How are Outliers determined in DEseq2?
2
0
Entering edit mode
3.9 years ago

How are outliers determined in DEseq2?

I have aligned my samples using STAR and did differential expression analysis with DEseq2. In the output there are options to view different "statuses." Low (Mean count value less than 10), OK (Mean count value higher than 10), and Outlier.

It is not entirely clear how Outliers are determined. Does anyone know?

I have used multiple alignment and differential expression analyses and this pipeline yields the smallest number of significant genes in DE. But many of the genes that show up in the Outliers list are significant in other analyses.

Thanks!

RNA-Seq DEseq2 STAR • 2.0k views
1
Entering edit mode
3.9 years ago

DESeq2 uses Cook's distance, provided you have sufficient replicates. You can tweak the cutoff used with the cooksCutoff option to results().

0
Entering edit mode
8 months ago
ATpoint 55k

There is also this illustrative answer from the DESeq2 developer over at Bioconductor:

https://support.bioconductor.org/p/92428/#92447

I'll start with just a quick explanation of Cook's distance: it measures within each gene, for each sample, how removing that sample would change the LFCs (all of the coefficients implied by the design and estimated by DESeq2).
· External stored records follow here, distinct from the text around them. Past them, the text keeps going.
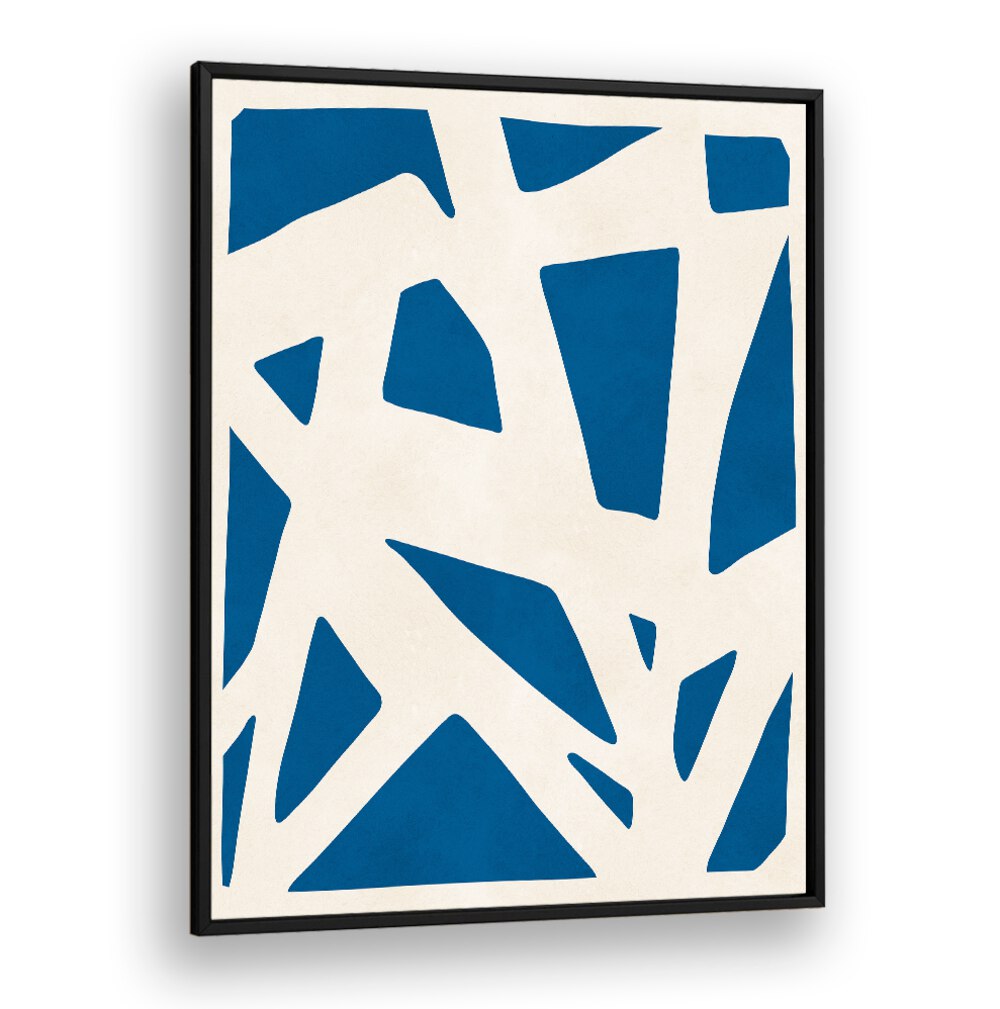 Bright blue and white design showcased in EXPRESSIVE LINES VI, ABSTRACT PAINTINGS, perfect for modern decor.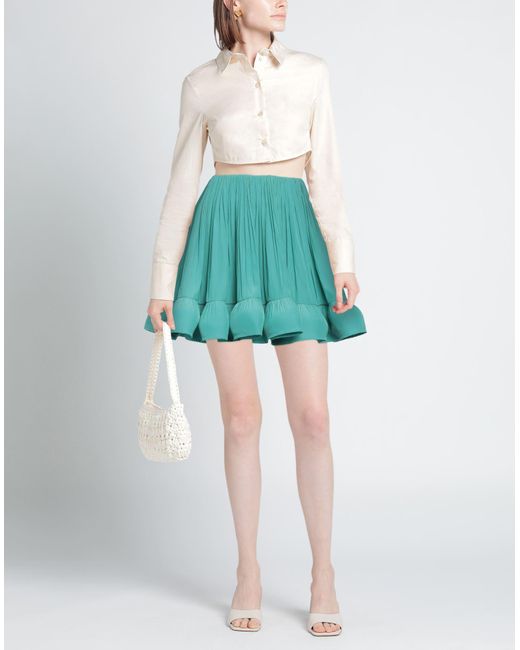 Lanvin Green Mini Skirt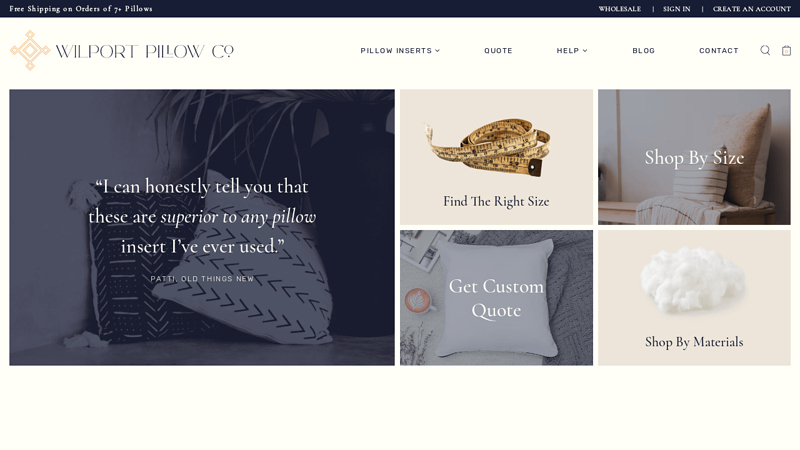 Wholesale Pillow Form Inserts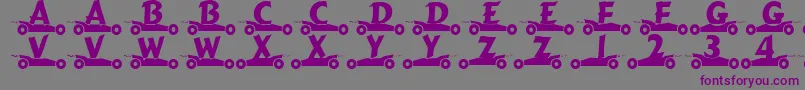 GibgasNormal Font – Purple Fonts on Gray Background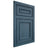 Shiloh Cabinetry Flush Inset Dalton Red Oak Plain Cut Hudson Door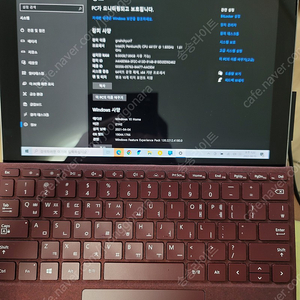 ﻿서피스고1 lte 8기가 128ssd 타입커버 서피스펜 마우스포함 (올 버건디컬러)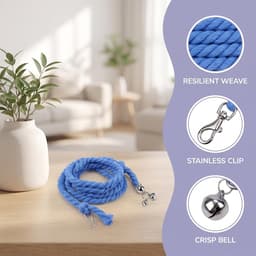 5 Stuks Reservekoorden voor Kattenhengel met Belletjes, Kattenbijttouw — thumbnail 3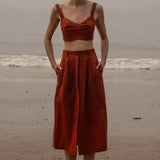 Calvi Top - Sienna Silk & Hemp - Heidi Merrick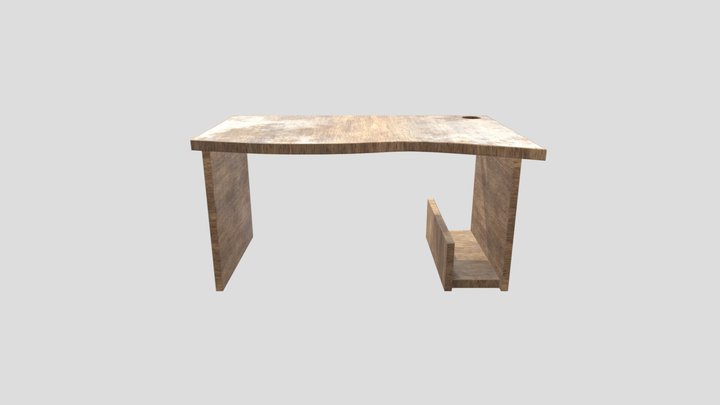 Desk 3D Model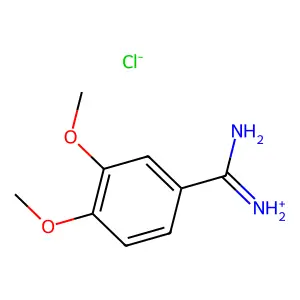 Benzamidine, 3,4-dimethoxy-, monohydrochloride structure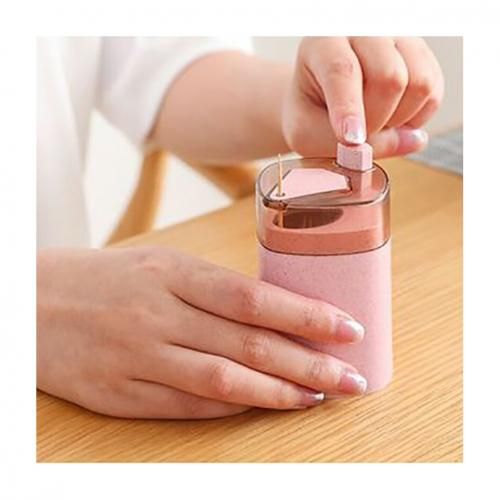 récipient de cure-dents en paille de blé automatique boîte de cure dents
 Fiche Technique et Prix au Maroc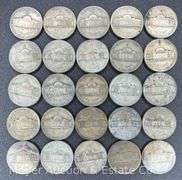 (25) Silver War Nickels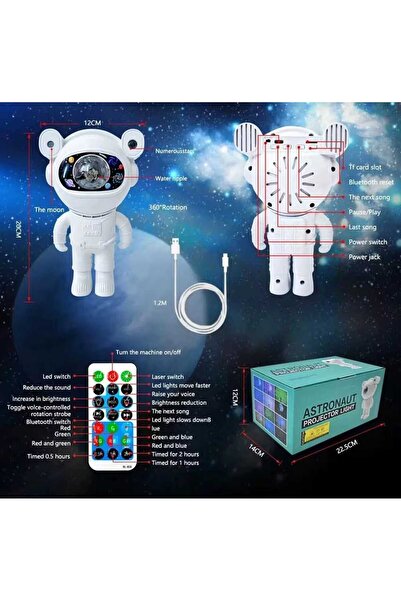 OEM Proiector LED in forma de astronaut cu sunete si lumini , Lampa led, Tele...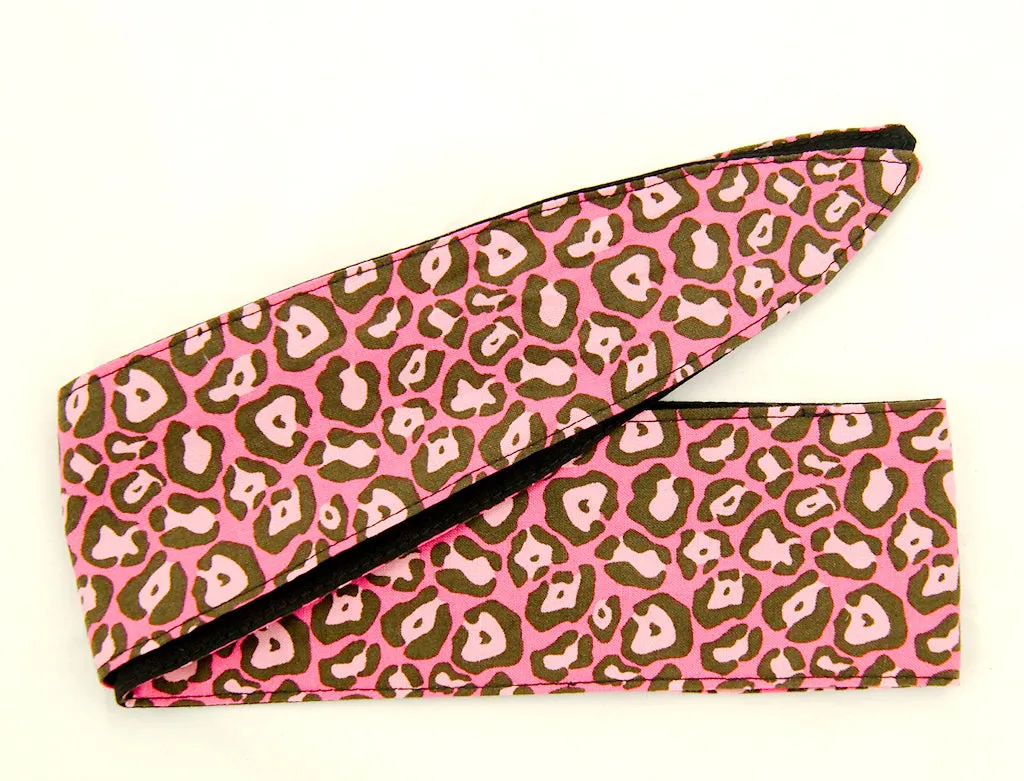 Pink Cheetah Hair Ties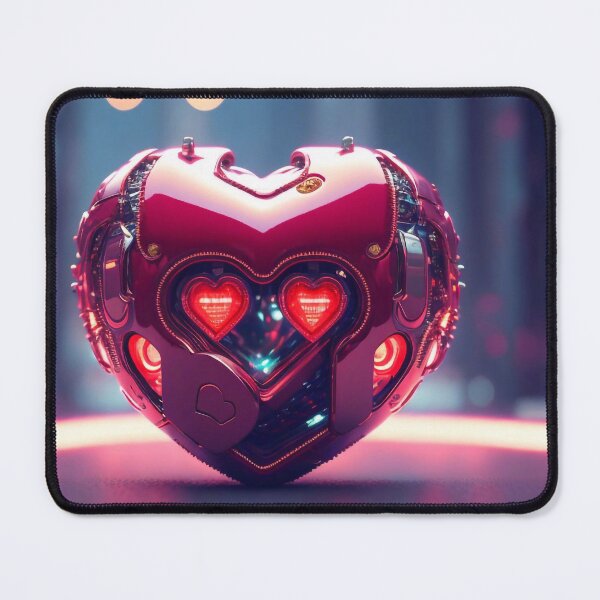 Item preview, Heart-shaped robot designed and sold by M-Y-A-R-T-.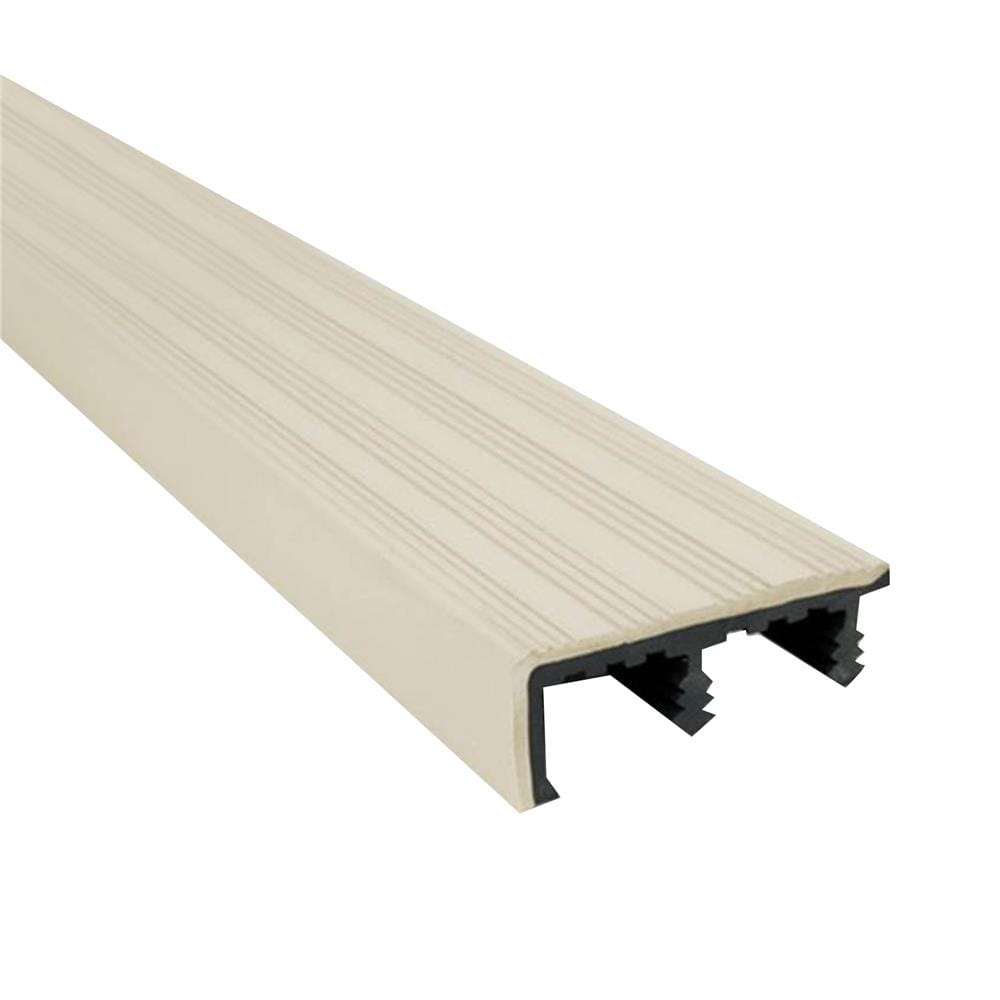 จมูกบันได PVC จระเข้ ไมโครแบน 2.4 เมตร สีครีม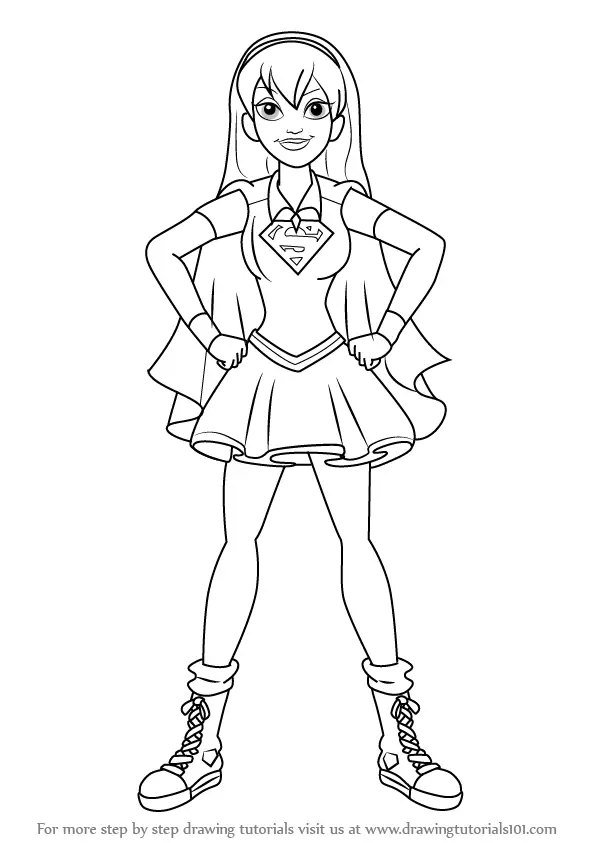 Learn How to Draw Supergirl from DC Super Hero Girls (DC Super Hero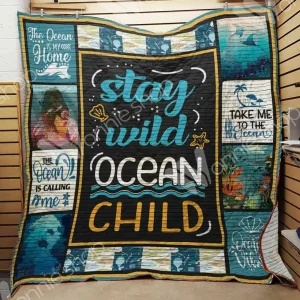 Ocean Quilt Blanket DHC1002826TD and Home Decor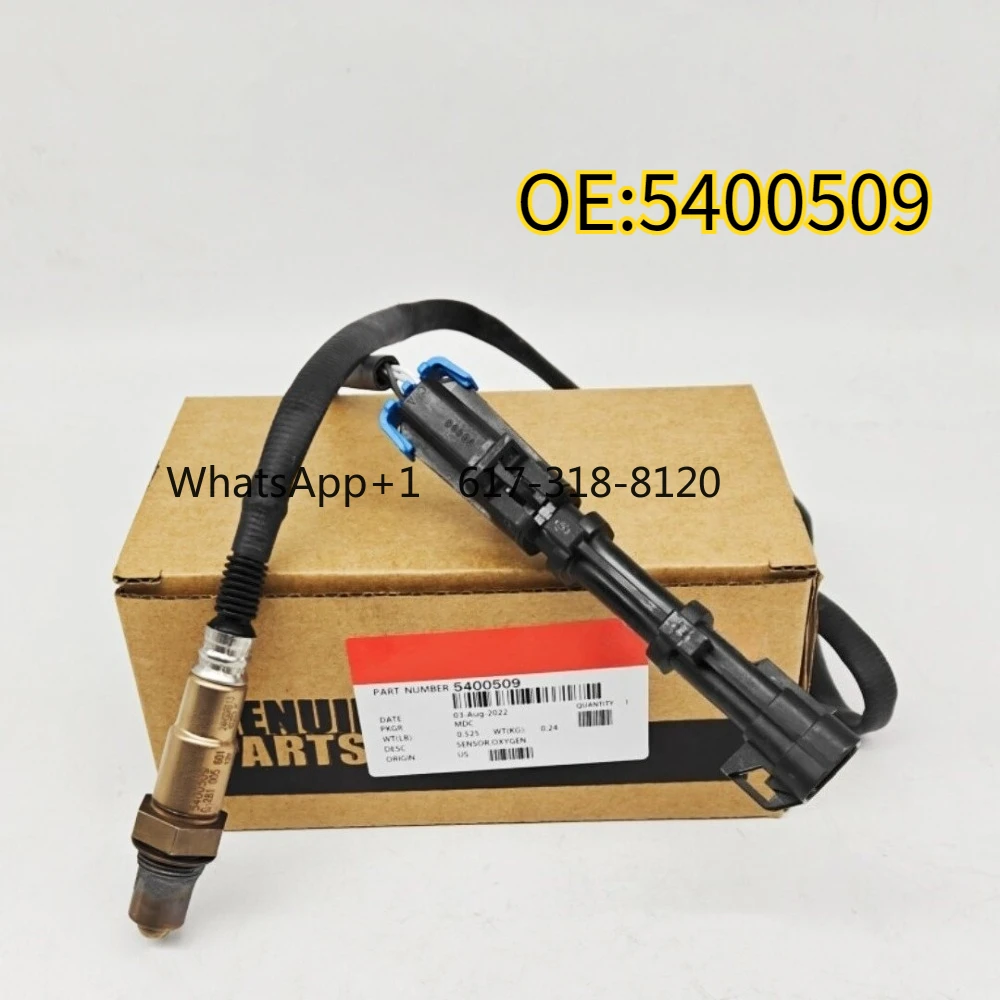 Para 5400509 sensor de oxigênio de gás natural de exaustão se encaixa para motor diesel c ummins isx isl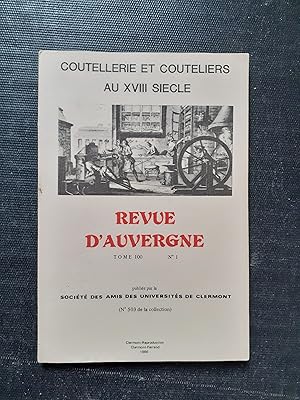 Image du vendeur pour La coutellerie et les couteliers au XVIIIe sicle mis en vente par Librairie de la Garenne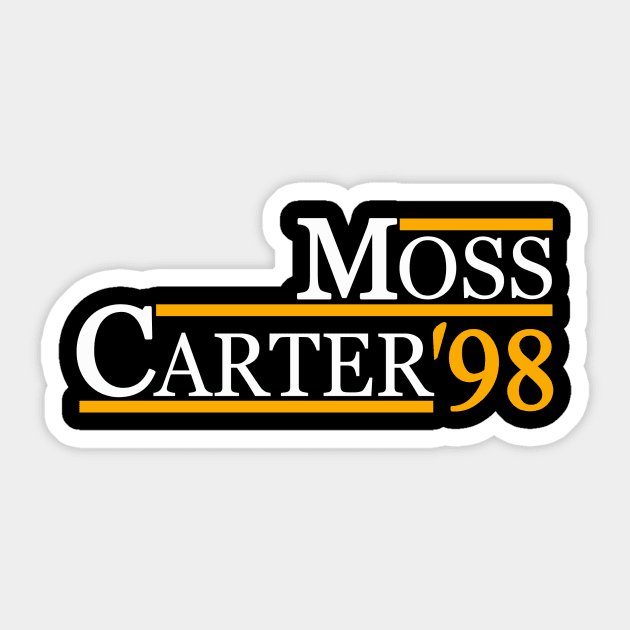Moss Carter '98 Shirt Sticker by TeeDragons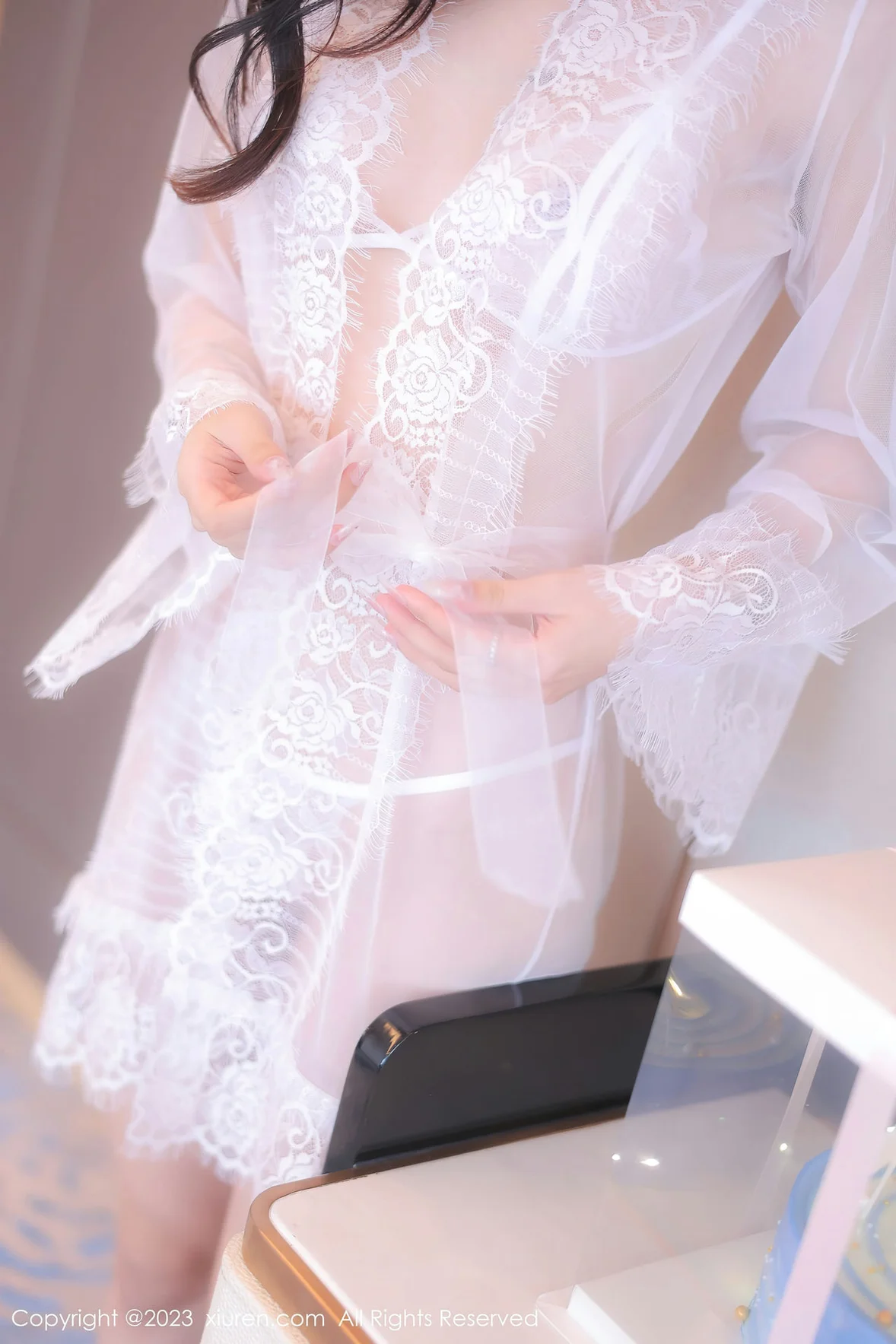  XiuRen 秀人 No.7348 幼幼 白色网纱性感写真 [81P]第4张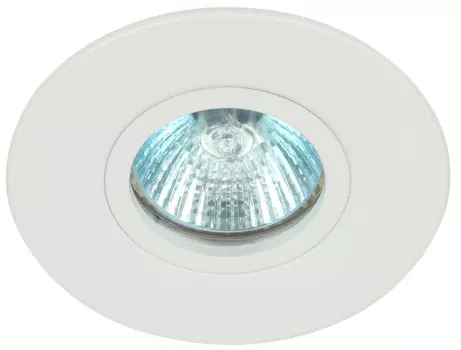 Светильник встраиваемый алюминиевый Эра KL83 WH MR16/GU5.3 белый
So if you have e.g. 3 samples vs 2 samples, and the counts for a gene are [10,10,10] vs [15, 1000], you can see how the Cook's distance will be high for the two samples. Removing either one changes the LFC for the comparison of the two groups. However, if it were [10,10,10] vs [50,50], the two samples "support" each other, such that removing one doesn't change the LFC at all. Hence, we find Cook's to be useful for identifying outliers.

However, having 2 samples is really problematic to try to identify outliers. In particular, there's really no way to say if one or the other sample is an "outlier", or if it's just a gene with high dispersion (in addition to increased expression, e.g. in the above example). With 3 samples, it's really the bare minimum, but nevertheless we do enable filtering of genes which may contain extreme count outliers.